Un entretien général doit être réalisé au moins une fois par jour où l’établissement est ouvert.

Tableau de Classification de Spaulding

NOTE : La Classification de Spaulding propose un cadre visant à guider la prise de décision concernant le nettoyage et le traitement des instruments et des équipements venant en contact avec les personnes. Il est fondé sur le risque d’infection que l’utilisation attendue de ces instruments et équipements peut provoquer. Cette méthode a été développée au milieu des années 60 par le Dr Earl Spaulding, recteur du Département de microbiologie et d’immunologie (1949-1972) de l’École de médecine de l’Université Temple.
SOURCE : Norme spa du BNQ

Le nettoyage a pour but d’enlever les saletés, la poussière et les autres substances qui peuvent héberger des microorganismes ou permettre leur multiplication. Le nettoyage s’effectue selon la synergie suivante : eau + détergent + action manuelle ou mécanique. Si l’action manuelle ou mécanique d’enlever les saletés est essentielle, le détergent agit en permettant de lier chimiquement à l’eau les substances graisseuses et autres.

La désinfection et la stérilisation n’ont pas pour but d’enlever les microorganismes, mais de les détruire ou à tout le moins d’en empêcher la multiplication. C’est par une action physique (ex. : la chaleur) ou chimique que le résultat est atteint. Les objets et les surfaces doivent être nettoyés au préalable. La différence entre la stérilisation et la désinfection réside dans la certitude (ou la probabilité) que les microorganismes ont été détruits.
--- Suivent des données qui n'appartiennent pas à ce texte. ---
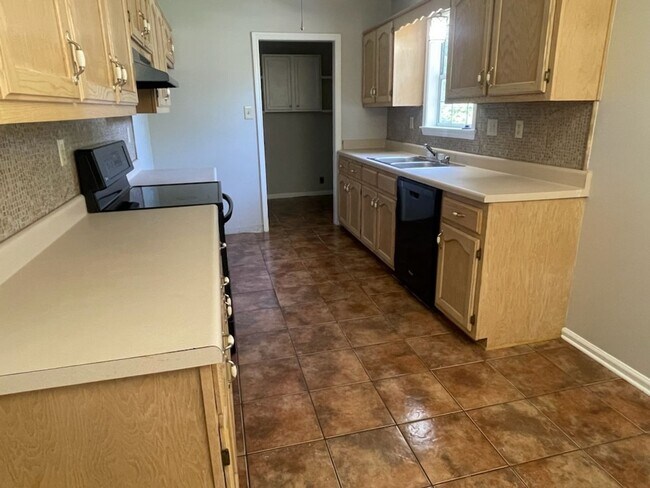 Building Photo - 6179 Cherokee Dr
La stérilisation est un procédé plus long et plus complexe que la désinfection; elle offre une certitude plus grande que les microorganismes sont détruits. Par exemple, pour un objet exposé à un procédé de stérilisation, la probabilité qu’une bactérie y soit encore vivante est inférieure à un sur un million. Pour le même objet exposé à un procédé de désinfection, la probabilité qu’il y reste une bactérie vivante sera de un sur mille. On comprend ainsi pourquoi la stérilisation s’applique aux objets « critiques » tandis que la désinfection sera destinée aux objets « semi-critiques » ou « non critiques ».
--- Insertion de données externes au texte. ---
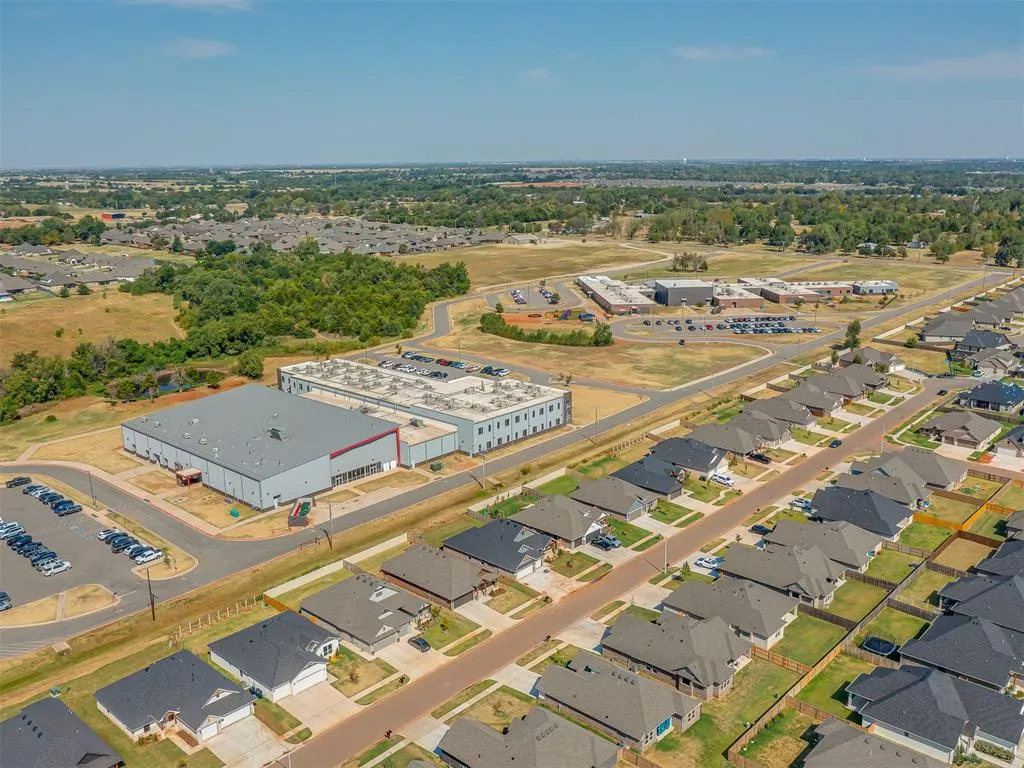 Photo 32 — 5013 Vine Cliff Road, Mustang, OK 73064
Par ailleurs, l’émergence de bactéries multirésistantes et de souches plus virulentes qui demeurent dans l’environnement et résistent aux méthodes habituelles de nettoyage contribue dans certains cas à rendre essentiel l’ajout d’une procédure de désinfection. Différents facteurs influencent les exigences de nettoyage et de désinfection. L’entretien dans les établissements de soins doit tenir compte de la diversité fonctionnelle des locaux, c’est-à-dire des activités médicales et des soins qui y sont pratiqués, du type de patient qui reçoit les services (sa vulnérabilité, s’il est reconnu porteur ou non d’un agent pathogène, etc.), de l’achalandage, de la présence ou non de lavabos, etc. Ainsi, certains secteurs exigeront un standard particulier d’hygiène et de salubrité, tels que le bloc opératoire, les soins intensifs, les unités de greffe ou de transplantation, la néonatalité, les salles de stérilisation, etc.